The T. S. Eliot Foundation and the Poetry Society of America are pleased to announce that Dobby Gibson is the winner of the 2025 Four Quartets Prize for his poem “Hold Everything” from the collection Hold Everything (Graywolf Press, 2024).

He was selected by judges Timothy Donnelly, Kimiko Hahn, and Patricia Smith.

The judges also selected CAConrad, for Listen to the Golden Boomerang Return (Wave Books, 2024), and Morgan Võ, for “To Market” from The Selkie (The Song Cave, 2024) as finalists for the prize.

Gibson will receive $20,000, and each finalist will receive $1,000.

The Four Quartets Prize—which was launched in 2018, on the 75th anniversary of the publication of T. S. Eliot’s Four Quartets in a single volume in America, in 1943—is a celebration of the multipart poem, and is awarded for a unified and complete sequence of poems published in America in a print or online journal, chapbook, or book in 2024.

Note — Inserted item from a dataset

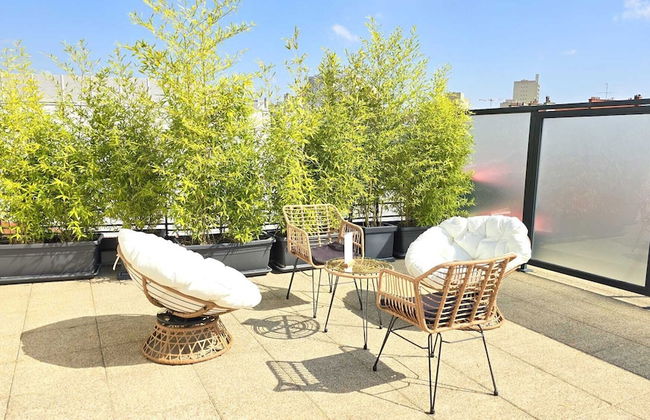 Résidence du Parc Vanves - Foto 73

Judges’ Citation, Four Quartets Prize Winner

Like Eliot’s Four Quartets, albeit a quarter of the length and considerably more funny, Dobby Gibson’s “Hold Everything” is a dazzlingly composed and profound meditation on time, persistence, and the kind of transcendence that can fit inside an ordinary human life. In its closely observed yet subtly rendered transition from bleak midwinter (“Outside, branches heavy with snow weigh / their options”) into an ambivalent spring (“the forsythia is spent, / and like us, for the moment, content to be still”), Gibson’s sequence articulates the flow of thought as it reaches for some foothold of significance “in the waking dream / of our lives.” By means of non sequitur, wild metaphor, rim shot–worthy one-liners, quotable aphorisms, and sheer poetic savoir faire, “Hold Everything” gives body to the shifting tracks and complex textures of an idiosyncratic but radically welcoming, representative mind, one that’s prone to entertaining enormous questions in small, contained spaces: An average morning, a suburban home, and the unrhymed, unmetered American sonnet.

And just as Eliot’s sequence reflects on poetry’s timeworn “way of putting it” and its “intolerable wrestling / with words and meanings,” Gibson’s likewise considers the poetic medium’s belatedness and limitations, but does so with so much flair that it makes a strong argument in favor for what it purports to lament: “Poems lie on the table like the cards / of a spent hand. I’m my only master, but I can’t read / my master’s writing.” Simile, polysemy, enjambment—poetic resources of all kinds are marshalled into “Hold Everything,” almost as if to build a showroom of what’s still possible for our old familiar ways, layering the poem’s larger themes and local phrasings, intensifying them, and preparing them to reside forever in the reader’s mind: “I look through my window like a museum guard growing / oblivious to a masterpiece.”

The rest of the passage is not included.